--- Brief ---
Below are records to reproduce in full; copy them exactly but keep the pictures out.
BEGIN Record excerpts
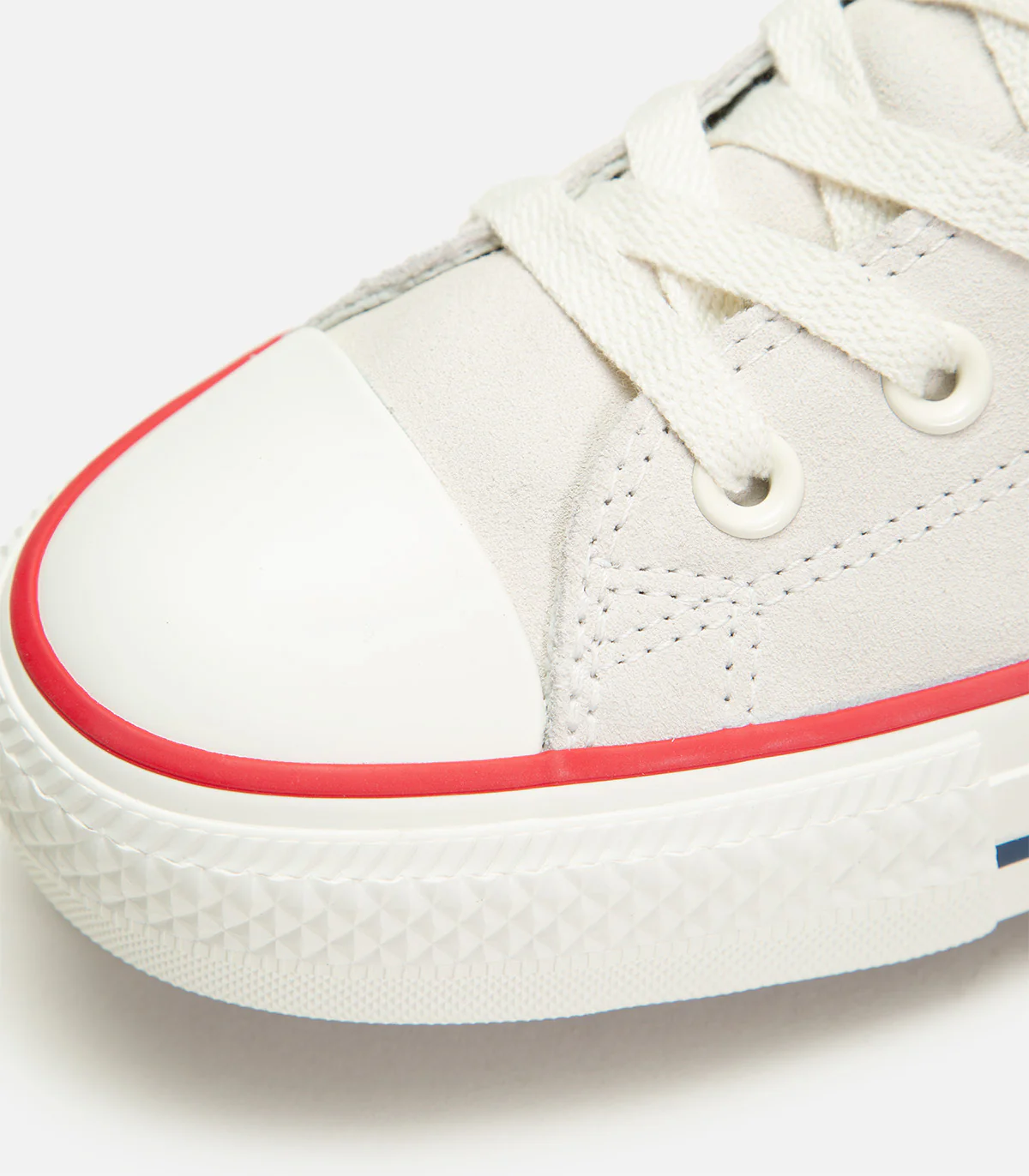 Converse CTAS Pro Hi - Image 3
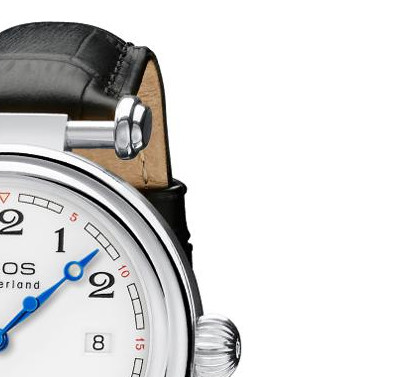 Epos Originale 3430130203025 5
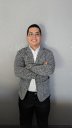 Omar F Rodriguez Martinez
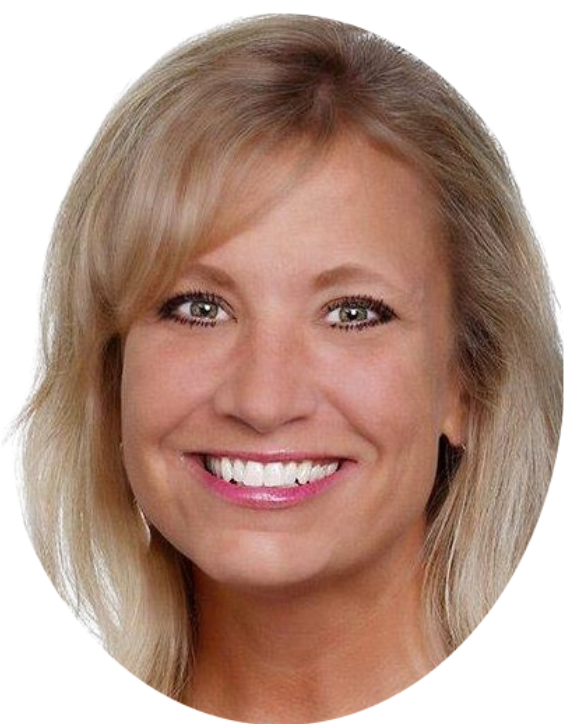 Stacey Smith Stacey Smith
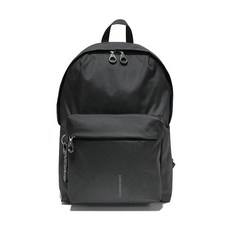 만다리나덕여자백팩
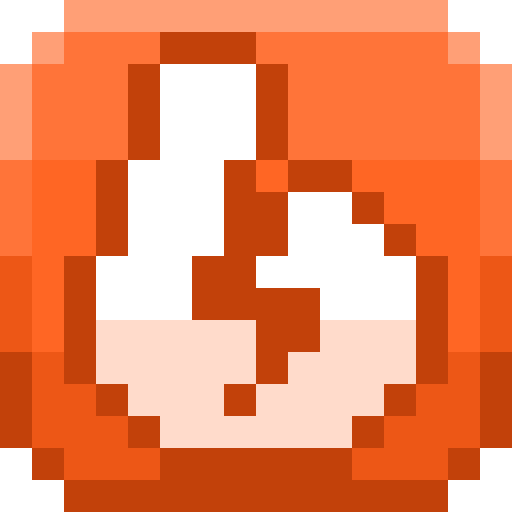 Boosty for Suporting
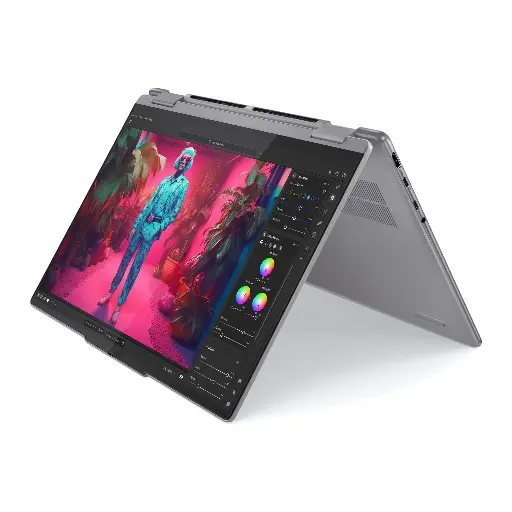 Lenovo Yoga 7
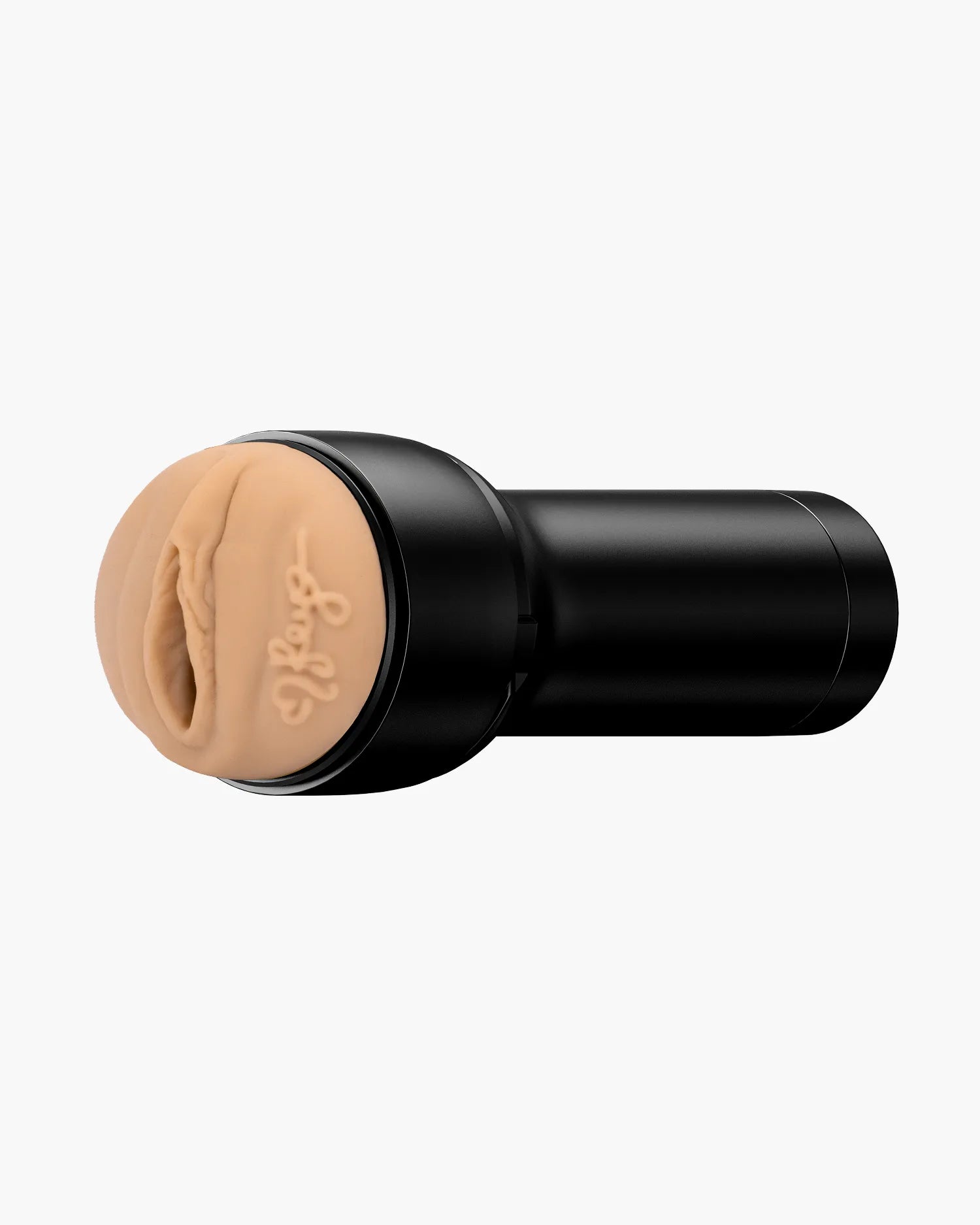 レイア・サンシャイン - ストローカー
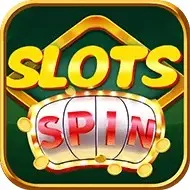 Indian Rummy Yono Apk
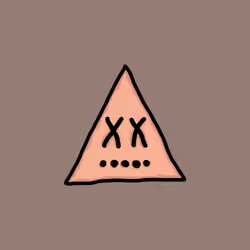 3ANGLE #009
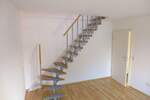 Doppelhaushälfte Varel - 4 Zimmer, 96 m&sup2;, 222.350&euro; | Angebot:25732576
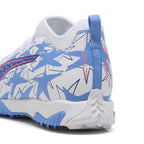 PUMA ULTRA 6 MATCH KidSuper x CP TT (KIDS)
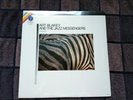 Art Blakey  The Jazz Messengers Africaine LP Blue Note USA original SEALED
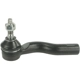 Purchase Top-Quality MEVOTECH ORIGINAL GRADE - GS40673 - Outer Tie Rod End pa7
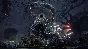 DARK SOULS III - The Ringed City (DLC)🔑STEAM🔥РФ+СНГ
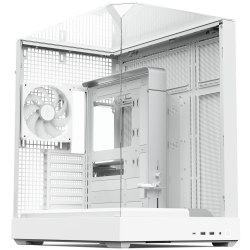 ������ APNX V2 White (APCM-VI02143.21) - �������� 2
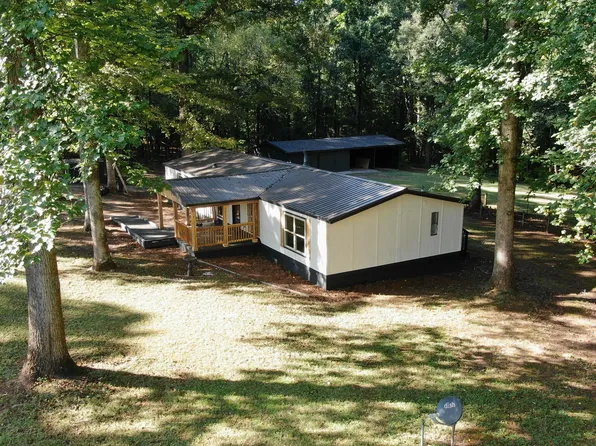 194 Adams Rd, Jefferson, GA 30549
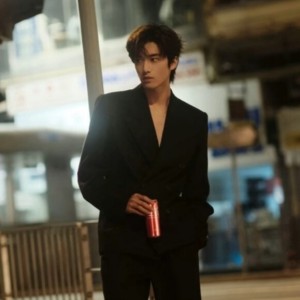 ☃耽昼^Sunday的钢琴谱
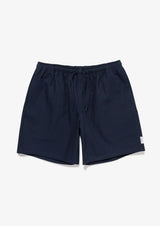 2026 S/S WTAPS SDDS2001 / SHORTS / COTTON. CNVS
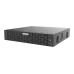 Видеорегистратор IP 32-канальный 12Мп до 8 HDD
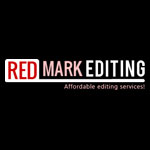 redmarkediting logo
END Record excerpts
--- Result of this exercise ---
 Converse CTAS Pro Hi - Image 3
 Epos Originale 3430130203025 5
 Omar F Rodriguez Martinez
 Stacey Smith Stacey Smith
 만다리나덕여자백팩
 Boosty for Suporting
 Lenovo Yoga 7
 レイア・サンシャイン - ストローカー
 Indian Rummy Yono Apk
 3ANGLE #009
 Doppelhaushälfte Varel - 4 Zimmer, 96 m&sup2;, 222.350&euro; | Angebot:25732576
 PUMA ULTRA 6 MATCH KidSuper x CP TT (KIDS)
 Art Blakey  The Jazz Messengers Africaine LP Blue Note USA original SEALED
 Purchase Top-Quality MEVOTECH ORIGINAL GRADE - GS40673 - Outer Tie Rod End pa7
 DARK SOULS III - The Ringed City (DLC)🔑STEAM🔥РФ+СНГ
 ������ APNX V2 White (APCM-VI02143.21) - �������� 2
 194 Adams Rd, Jefferson, GA 30549
 ☃耽昼^Sunday的钢琴谱
 2026 S/S WTAPS SDDS2001 / SHORTS / COTTON. CNVS
 Видеорегистратор IP 32-канальный 12Мп до 8 HDD
 redmarkediting logo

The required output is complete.